The acidity of all zeolite components for hybrid catalyst preparation was evaluated by NH3-TPD, and the results are shown in Tables S3 and S4, and in Fig. S8 and S9. The type of acidic sites for Z5 and Zn/Z5 are similar, while the acidic concentration of Zn/Z5 is less than that of Z5, because a few Al atoms in Z5 are replaced by Zn. The core–shell-structured Z5@S1 and Zn/Z5@S1 have a lower acidic strength and acidic concentration than those of Z5 and Zn/Z5, indicating that the introduced silicalite-1 shell neutralizes and seals the surface acidic sites of Z5. The designed silicalite-1 shell will effectively seal the surface acidic sites of the core zeolite, depressing the formation of ortho-, meta-xylene, at the same time as boosting the generation of PX in the following reaction.27,39

By physically mixing the Cr/Zn component and zeolite components (Z5, Zn/Z5, Z5@S1 and Zn/Z5@S1), we get a series of hybrid catalysts Cr/Zn–Z5, Cr/Zn–Zn/Z5, Cr/Zn–Z5@S1 and Cr/Zn–Zn/Z5@S1. The effect of a varied Si/Al ratio (20, 46, 82 and 750) of Z5 in the simplest hybrid catalyst Cr/Zn–Z5 for PX one-pass synthesis from syngas is investigated, as shown in Fig. 3 and Table S5. It is clear that the most suitable Si/Al ratio of Z5 is around 46. Therefore, the following hybrid catalysts are prepared with Z5 (Si/Al = 46) as the zeolite component.

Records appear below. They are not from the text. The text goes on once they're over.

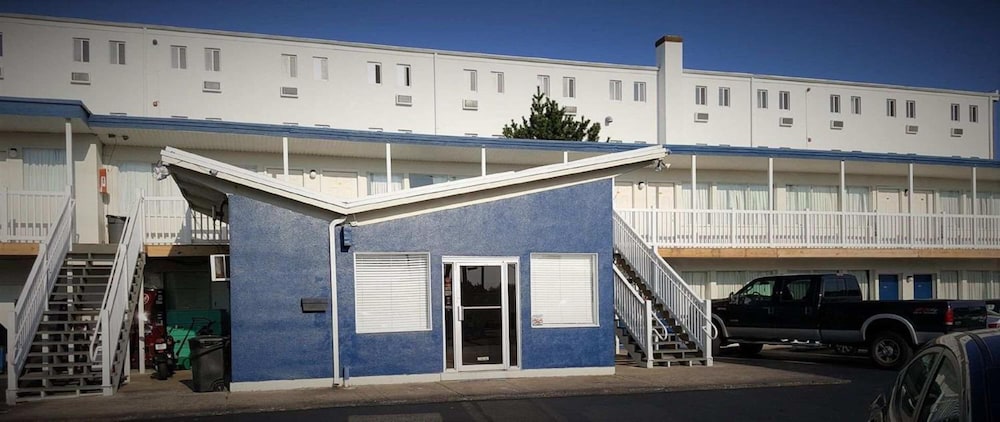 Cabana Motel 4/34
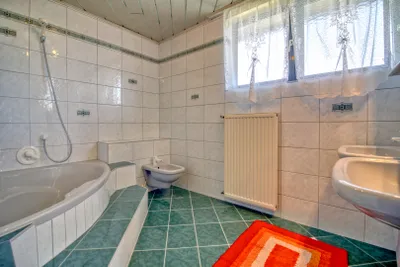 7-Zimmer-Haus kaufen in Klagenfurt Land – 282 m², € 550.000 – Bild 8 von 13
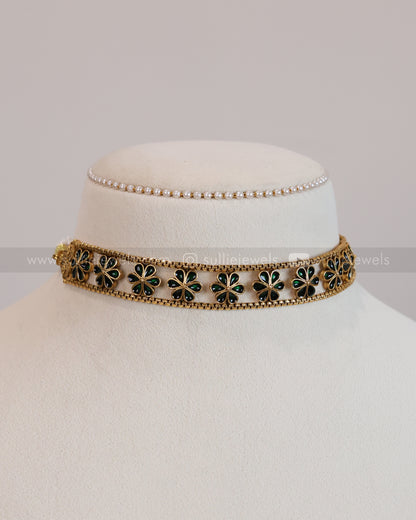 2123 - Sullie Basic Green Flower Choker with Stud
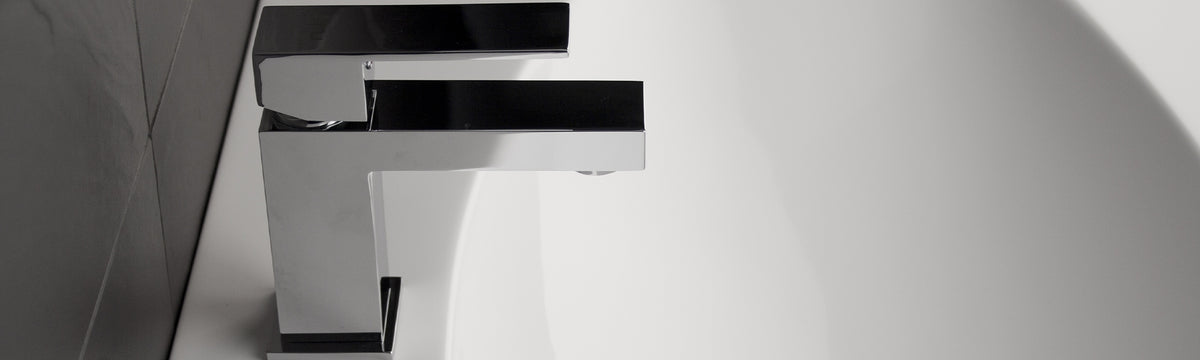 Rubi Quatrio Single Hole Bathroom Sink Faucet With Pop Up Drain RQT11B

image file: c7sc03427j-f3.tif
Fig. 3 The effect of a varied Si/Al ratio of Z5 in the simplest hybrid catalyst Cr/Zn–Z5 for the one-pass selective conversion of syngas to PX.

All of the hybrid catalysts are evaluated to investigate their catalytic performance for the one-pass PX synthesis from syngas, and the reaction results are compared in Table 1. The catalytic reaction is conducted under a pressure of 5.0 MPa and a temperature of 673 K. The single Cr/Zn catalyst, as a reference catalyst, is also tested under the same reaction conditions. The CO conversion over the Cr/Zn catalyst is 27.5% with the major products of MeOH, DME and CH4 (Table S6). In contrast, all of the hybrid catalysts present higher CO conversion and zero formation of methanol and DME. The introduced zeolite components in the hybrid catalysts promote CO conversion by shifting the thermodynamic equilibrium of MeOH synthesis. In addition to the enhanced CO conversion, all of the hybrid catalysts can convert syngas directly into alkanes/alkenes and xylene. As given in Table 1, the Cr/Zn–Zn/Z5@S1 hybrid catalyst shows excellent xylene selectivity of 35.7%, in which the selectivity of PX reaches up to 27.6%. The PX selectivity in the total xylene is 77.3%, the highest value among all of the tested catalysts.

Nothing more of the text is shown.